▶ **Information supplied**
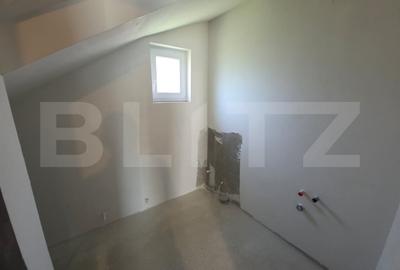 Casa spatioasa cu priveliste superba-5 camere, 125 mp utili, teren 10 ari-Unirea - 11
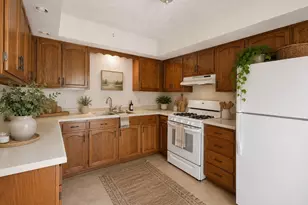 506 S State St, Annawan, IL 61234 - Photo 5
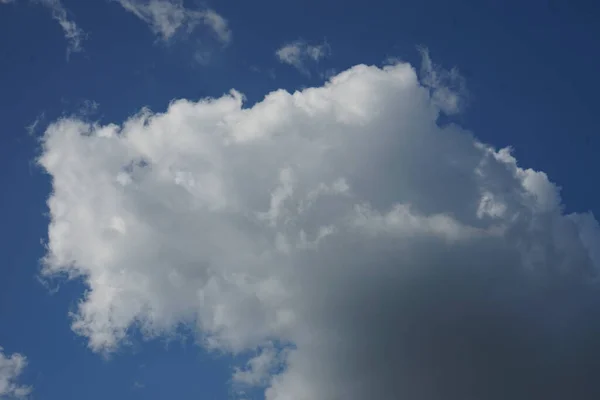 Красивый Снимок Пушистых Облаков Ясном Голубом Небе — стоковое фото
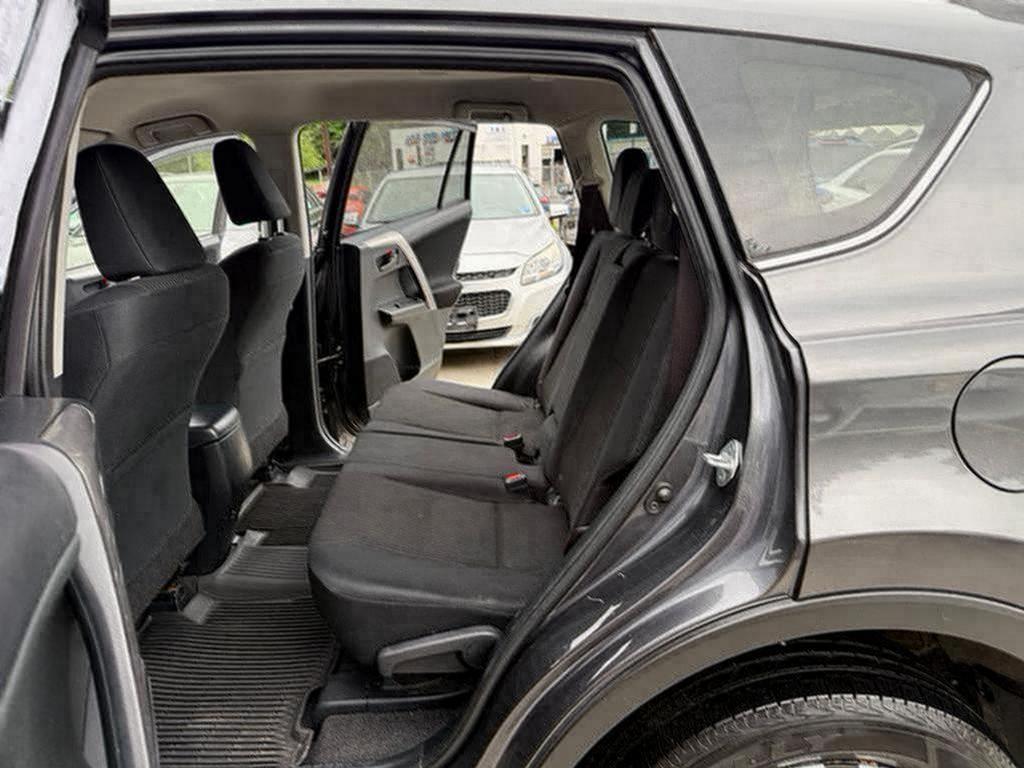 2017 Toyota RAV4 - $15,995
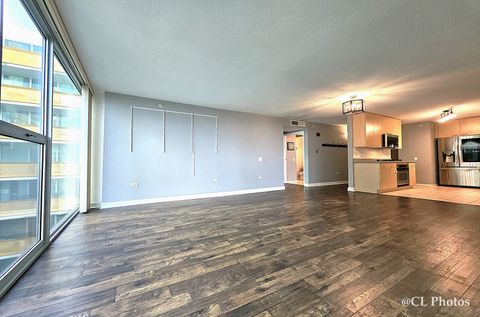 Tiny photo for 1580 SHERMAN Avenue #1005, Evanston, IL 60201 (MLS # 12462985)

▶ **The task**
Print the material in full and exactly; the pictures must not be printed.

▶ **Task answer**
 Casa spatioasa cu priveliste superba-5 camere, 125 mp utili, teren 10 ari-Unirea - 11
 506 S State St, Annawan, IL 61234 - Photo 5
 Красивый Снимок Пушистых Облаков Ясном Голубом Небе — стоковое фото
 2017 Toyota RAV4 - $15,995
 Tiny photo for 1580 SHERMAN Avenue #1005, Evanston, IL 60201 (MLS # 12462985)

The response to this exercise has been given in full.